…На фотографии из моего архива патриарх русской литературы Анатолий Георгиевич Алексин дружески обнимает меня за плечи.
По-моему, этот снимок сделан после того, как моего с ним интервью для какой-то газеты.
Он сказал мне тогда, что, поселившись в Израиле, понял, как любит море.
Врал, наверное, по обыкновению.
«Вы, Марк, напоминаете мне Шкловского!» - восклицал он во время одной из наших встреч.
И опять врал.
Зачем ему это было нужно?
Не знаю.
Скорее, по старой привычке, ставшей рефлексом человека, долгие годы входившего во власть.
Однако же в памяти моей он останется стариком, мелко семенящим по тель-авивской набережной рядом со своей величественной женой, словно сошедшей с какой-то старой олеографической картинки.
Поговаривают, что свою ненаглядную он отбил у своего друга.
Может быть.
Но когда-то это был действительно могущественный человек, «серый кардинал» детской и юношеской литературы, всесильный царек, способный казнить и миловать.
Эдуард Успенский, которого я однажды тоже интервьюировал, сказал жестче, назвав Алексина чуть ли не палачом детской литературы в СССР.
«Он душил всё, что не соответствовало его представлениям о литературе…»
Так или примерно так сказал упрямый и темпераментный Успенский.
Человек, который свел меня с «отцом» Чебурашки и крокодила Гены, попросил пассаж об Алексине из материала убрать.

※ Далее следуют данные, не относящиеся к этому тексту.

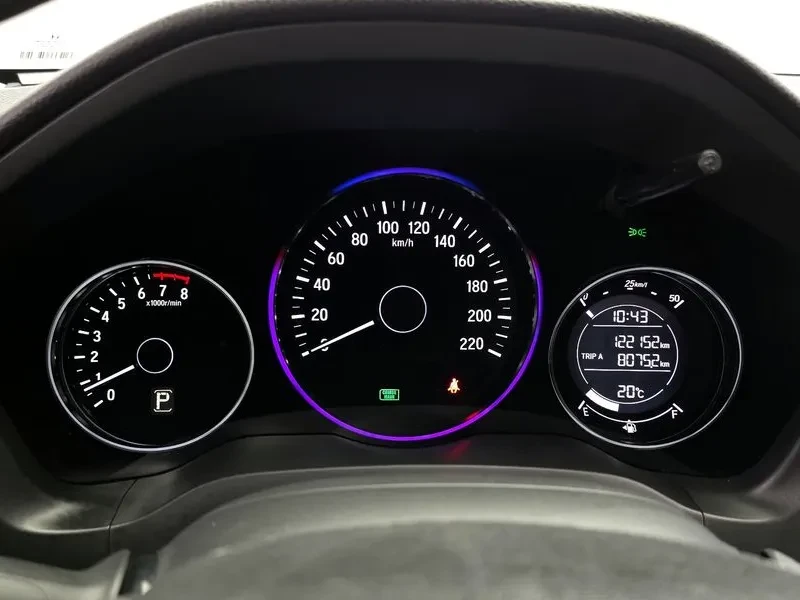 Honda Hr-v 1.8, снимка 15 - Автомобили и джипове - 55727164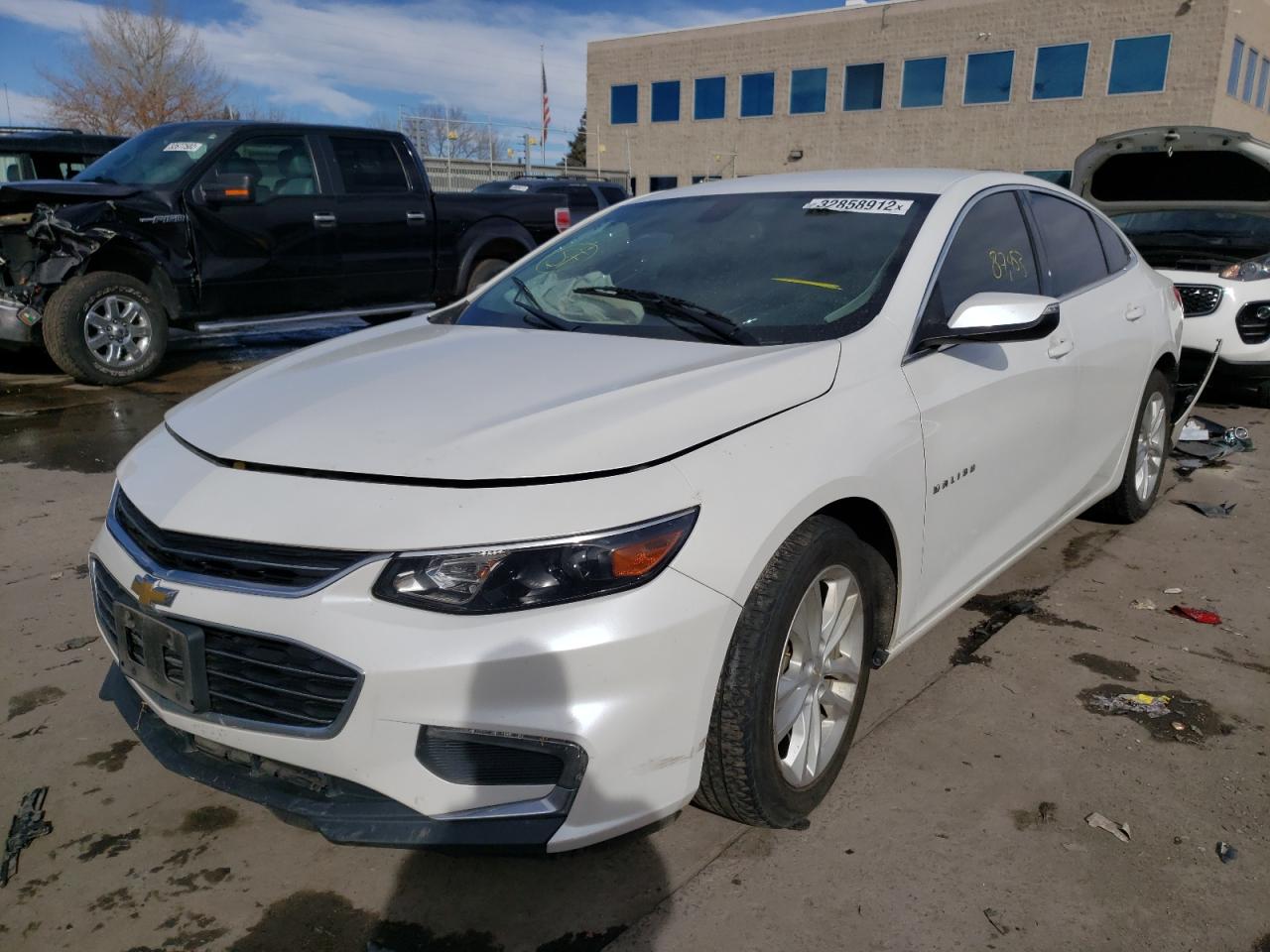 Photo 2 from auction – 2016 CHEVROLET MALIBU LT with VIN 1G1ZE5ST4GF348462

- Зачем нервировать старика? – сказал он. – Ну, было и было… Оставим его в покое….
Я поддался уговорам.
Но дело не в этом.
Я так до конца и не мог поверить в том, что автор любимых когда-то многими «Мой брат играет на кларнете», «Безумная Евдокия», «Третий пятом ряду» и других произведений и пьес – душитель и ретроград.
Тем более, что к тому времени, когда он жил в Израиле, Алексин продолжал писать, издавал книги, собирал полные залы, блистал цитатами, завораживал именами вип-персон, с которыми был знаком: Паустовский, Маршак, Кассиль, Эренбург, Феллини… И каждый, как выяснялось, говорил какое-то ласковое слово моему герою, жал ему руку, плакал у него на плече и выражал благодарность за цельно прожитые годы.
Нет, Алексин действительно знал многое и многих. Этот «банк данных» мог пролить не просто свет, а море света на темные страницы русской литературы времен Сталина, Хрущева и Брежнева.
- Я пишу мемуары, - признался он мне как-то.
И я грешным делом подумал, что в мемуарах, в отличие от поздних, скучных и пресных, как жвачка, своих книг (чего стоит только название одной из них – «Сага о Певзнерах», унылое и претенциозное), он наконец-то скажет правду о себе и о своем времени, назовет вещи своими именами, чтобы достойно взглянуть в лицо приближающейся вечности.
Мемуары были написаны и изданы.
«Молчите, проклятые книги. Я вас не писал никогда!»
Но эти слова принадлежат Александру Блоку, выкрикнувшему их на излете своей жизни.
Лучше бы Алексин не писал этих мемуаров; судя по всему, старик не захотел ополчаться на море смут, а предпочел тихое болотце, подернутое легкой ряской воспоминаний, преимущественно анекдотичных.
Кстати, о болотце.
Выжав из Израиля весь ресурс продаваемости своей сервильной словесности, Алексин бежал (я другого слова не подберу) в Люксембург (и там и скончался, прожив долгую-предолгую жизнь), увозя с собой весь этот цирк никому не нужных приемов и умолчаний, словесной эквилибристики и фальшивых джокеров в рукаве, откуда вылетают дохлые голуби.